Low progesterone is a major cause of bleeding. Your doctor will most likely run a blood progesterone test at the first sign of spotting to be sure that you do not need to take progesterone supplements during the first trimester of pregnancy.
Signs of Miscarriage
Miscarriage is what most women worry about with any bleeding during the first trimester. Heavy bleeding may be a sign of miscarriage but could also be cervical bleeding or bleeding from a hematoma. It is important to contact your doctor if you experience any bleeding during pregnancy.

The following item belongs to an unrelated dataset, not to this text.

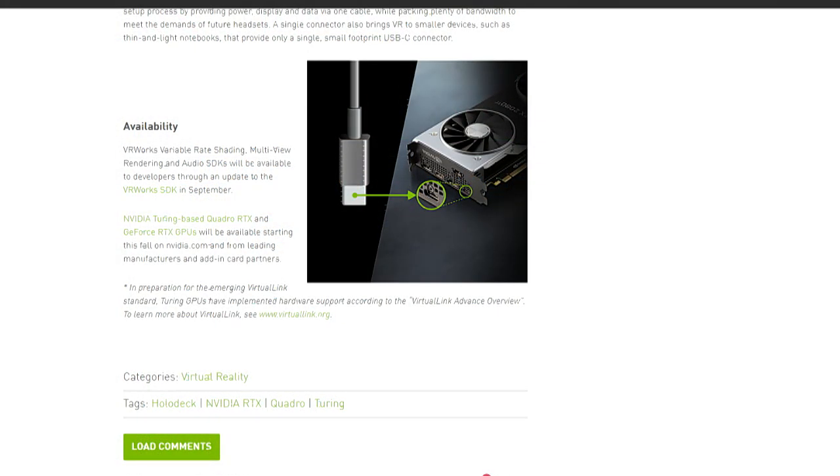And just one plug, plug the thing in — VR works. What's the name of the port? Virtual Link. Virtual Link standard. It's got a nice ring to it.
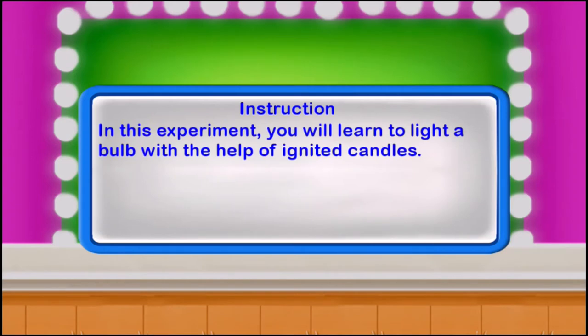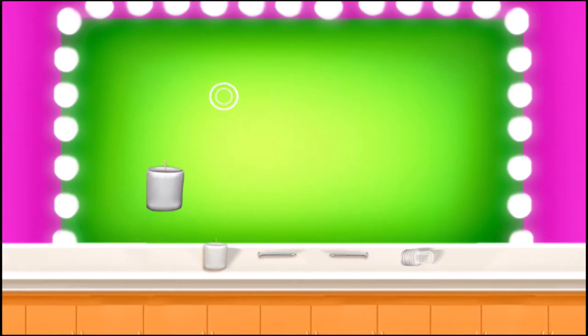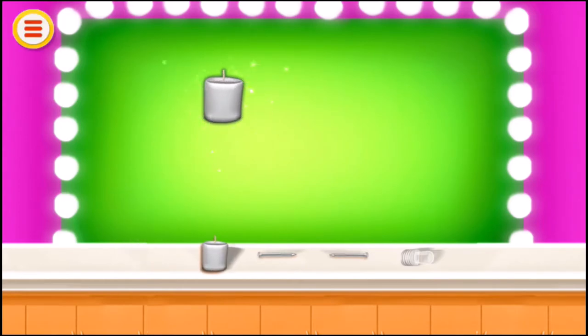In this experiment, you will learn to light a bulb with the help of ignited candles. Take a candle, take another candle, and fix nails in the candle one by one.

If you are soaking more than a pad an hour you should go directly to the emergency room. Before the 20th week of pregnancy, most doctors prefer that you go to the emergency room rather than labor and delivery. The doctor there will contact your Ob/Gyn. There is rarely anything that your doctor can do to prevent a miscarriage but it is important that you be monitored to make sure that you are not losing too much blood.
Bleeding During the Second Trimester
Bleeding during the first few weeks of the second trimester can occur as the placenta takes over and hormone levels change. Slight spotting is common but heavier bleeding that fills a pad should be checked out immediately.
Once you get further into the second trimester, any bleeding is an immediate cause for concern. Bleeding can be an indication of pre-term labor, placenta previa or a placental abruption. Placenta previa occurs when the placenta attaches too close to the cervix and blocks the cervical opening. Any irritation or contractions can cause major bleeding. A placental abruption is when the placenta detaches from the uterus. This involves sudden heavy bleeding and can cause major problems for both mother and baby. Contact your doctor if you experience any bleeding during the second trimester, especially if it is bright red, indicating new blood.
Bleeding During the Third Trimester
Bleeding during the first part of the third trimester should be discussed with your doctor immediately. Like the second trimester, bleeding during the first part of the third trimester is not normal and could be an indication of pre-term labor, placenta previa or placental abruption.
Bleeding at the End of Pregnancy
Towards the end of pregnancy, your body will begin to prepare for labor. As much as a month before the onset of labor, an expectant mom can lose her mucus plug. The mucus plug may have streaks of red blood in it. This is normal and nothing to worry about. Spotting could be an indication that your cervix is beginning to dilate and you should be checked out by your doctor or the labor and delivery department. Any bleeding that soaks a pad should be checked out immediately in labor and delivery. Most spotting towards the end of pregnancy is an indication of impending labor and a sign that you will get to meet your baby soon.